Creating a GPU-accelerated Application

This section describes how to use GPU virtualization to isolate the compute and GPU memory and efficiently use GPU resources.

Prerequisites

You have prepared GPU virtualization resources.
If you want to create a cluster by running commands, use kubectl to connect to the cluster. For details, see Connecting to a Cluster Using kubectl.

Constraints

The init container does not support GPU virtualization.

For a single GPU:
- Up to 20 virtual GPUs can be created.
- Up to 20 pods that use the isolation capability can be scheduled.
- Only workloads in the same isolation mode can be scheduled. (GPU virtualization supports two isolation modes: GPU memory isolation and isolation of GPU memory and compute.)
For different containers of the same workload:
- You can configure one GPU model and cannot configure two or more GPU models concurrently.
- You can configure the same GPU usage mode and cannot configure virtualization and non-virtualization modes concurrently.
After a GPU is virtualized, the GPU cannot be used by workloads that use shared GPU resources.
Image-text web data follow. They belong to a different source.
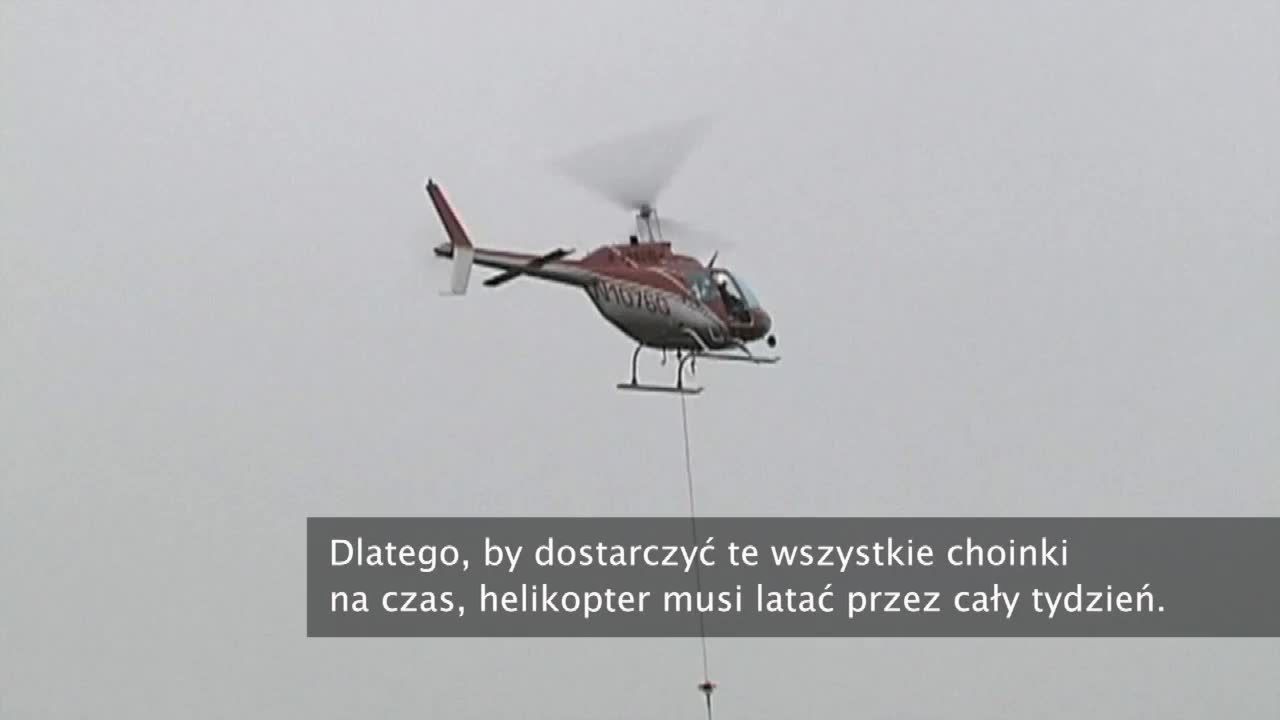 W Stanach Zjednoczonych biznes choinkowy rozkręcają za pomocą… helikopterów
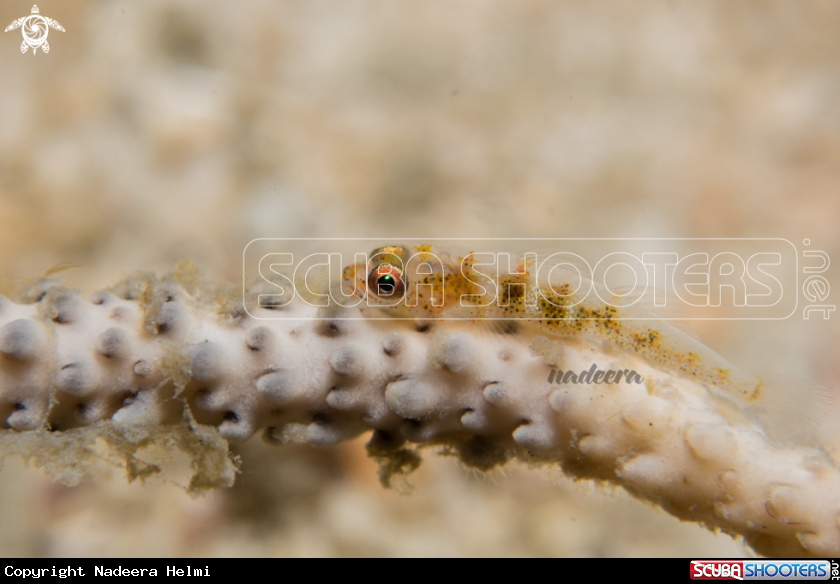 A Goby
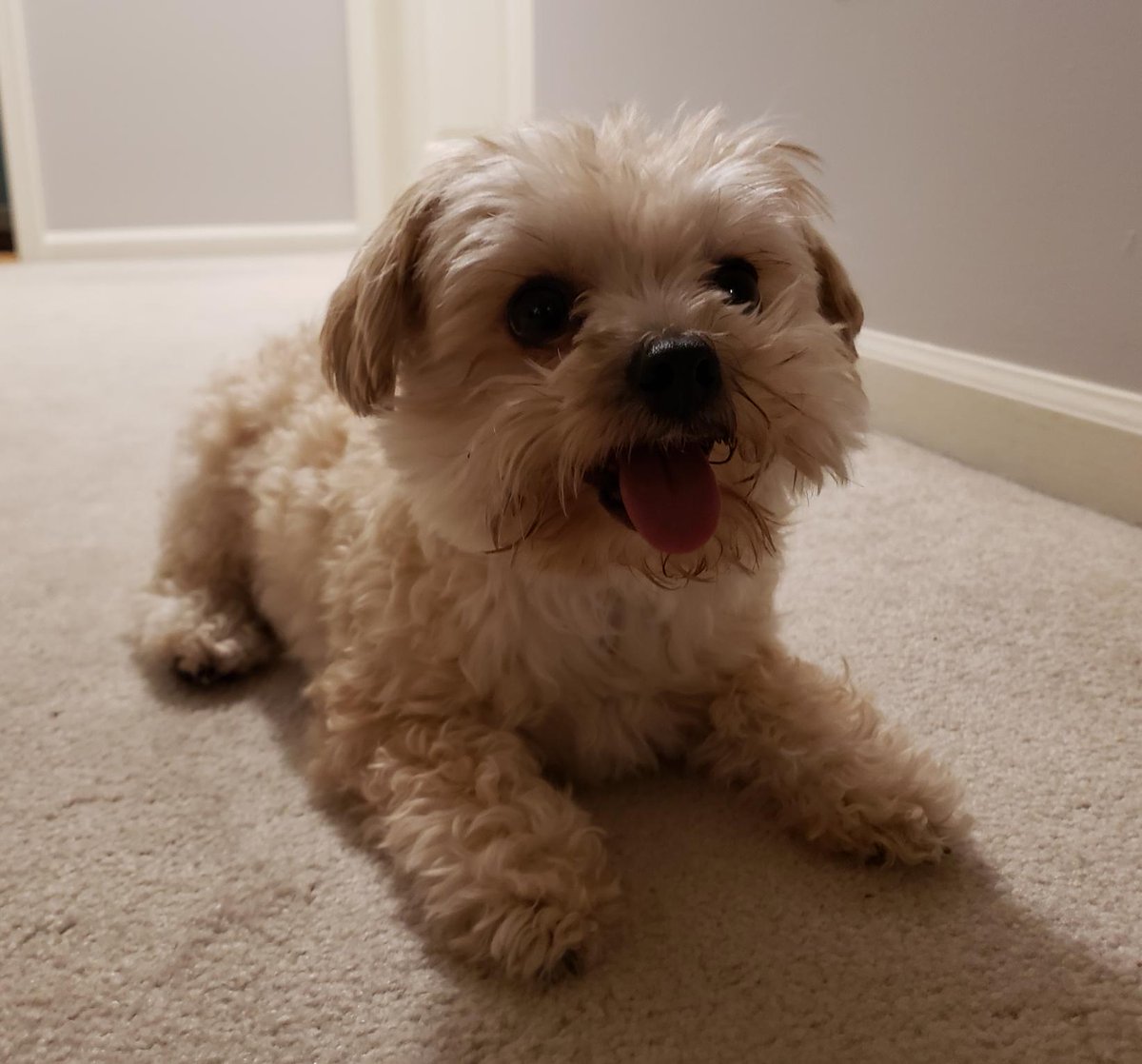 Pro_Duecer's tweet photo. Lost Bill today. Appreciate everyone who has had kind words this week. He was a good boy. https://t.co/ej8SRu3EUc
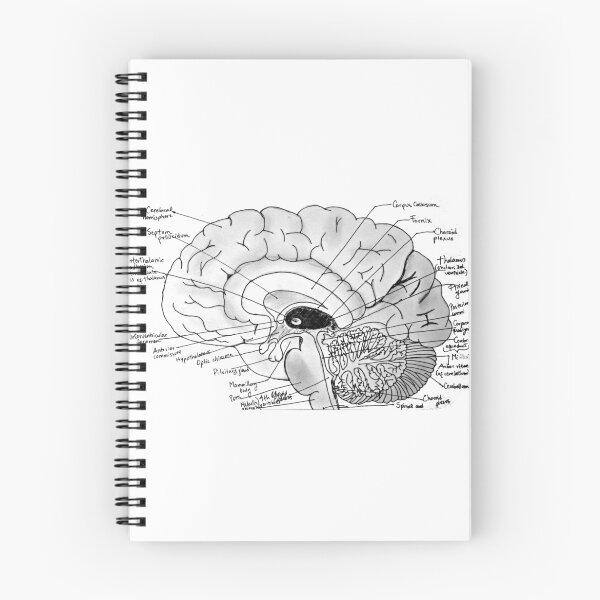 Item preview, Midsagittal Brain designed and sold by Marjorie Madrid.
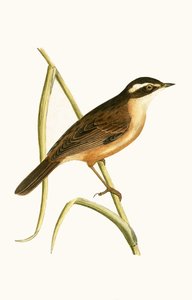 口ひげを生やしたウグイス、チャールズロバートブリー（1811-86）による「イギリス諸島では観察されないヨーロッパの鳥の歴史」のイラスト、1867年 作： English School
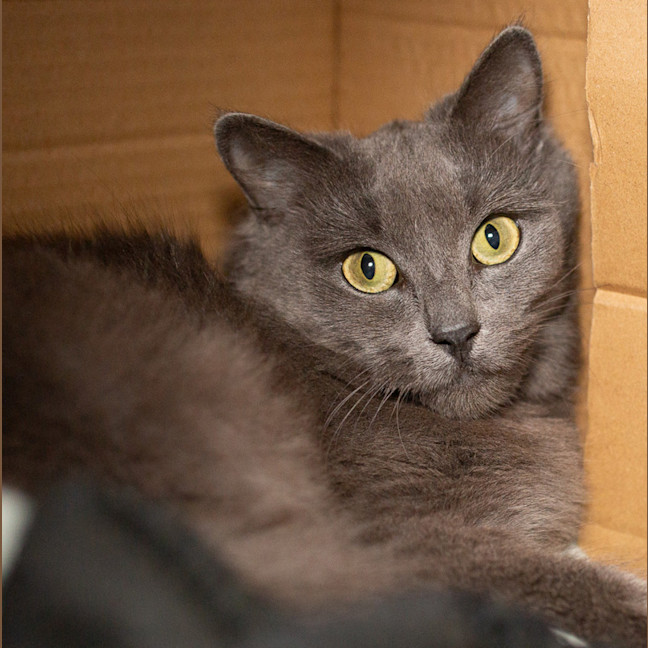 Photo of Fluffy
Creating a GPU-accelerated Application on the Console

Log in to the UCS console.
Click the on-premises cluster name to access the cluster console. In the navigation pane, choose Workloads. In the upper right corner, click Create from Image.
Configure the workload parameters. In Basic Info under Container Settings, select GPU for Heterogeneous Resource and select a resource use method.
- Whole GPU: The default Kubernetes scheduling mode schedules the pods to nodes that meet GPU resource requirements.
- Sharing mode: Multiple pods preempt the same GPU. This improves the utilization of idle GPU resources when the workload resource usage fluctuates sharply.
- Virtual GPU: In-house GPU virtualization technology dynamically allocates the GPU memory and compute to improve GPU utilization.
Resource Use Method
- Whole GPU: A GPU is dedicated for one pod. The value ranges from 1 to 10, depending on the number of GPUs on the node.
- Sharing mode: A GPU is shared by multiple pods. Configure the percentage of GPU usage for each individual pod. It is not possible to allocate resources across multiple GPUs. For example, value 50% indicates that all the requested GPU resources come from the same GPU.
Virtual GPU
- GPU memory: GPU virtualization configuration. The value must be an integer multiple of 128 MiB. The minimum value allowed is 128 MiB. If the total GPU memory configured exceeds that of a single GPU, GPU scheduling will not be performed.
- GPU compute (%): GPU virtualization configuration. The value must be a multiple of 5 and cannot exceed 100. This parameter is optional. If it is left blank, the GPU memory is isolated and the compute is shared.
Configure other parameters and click Create.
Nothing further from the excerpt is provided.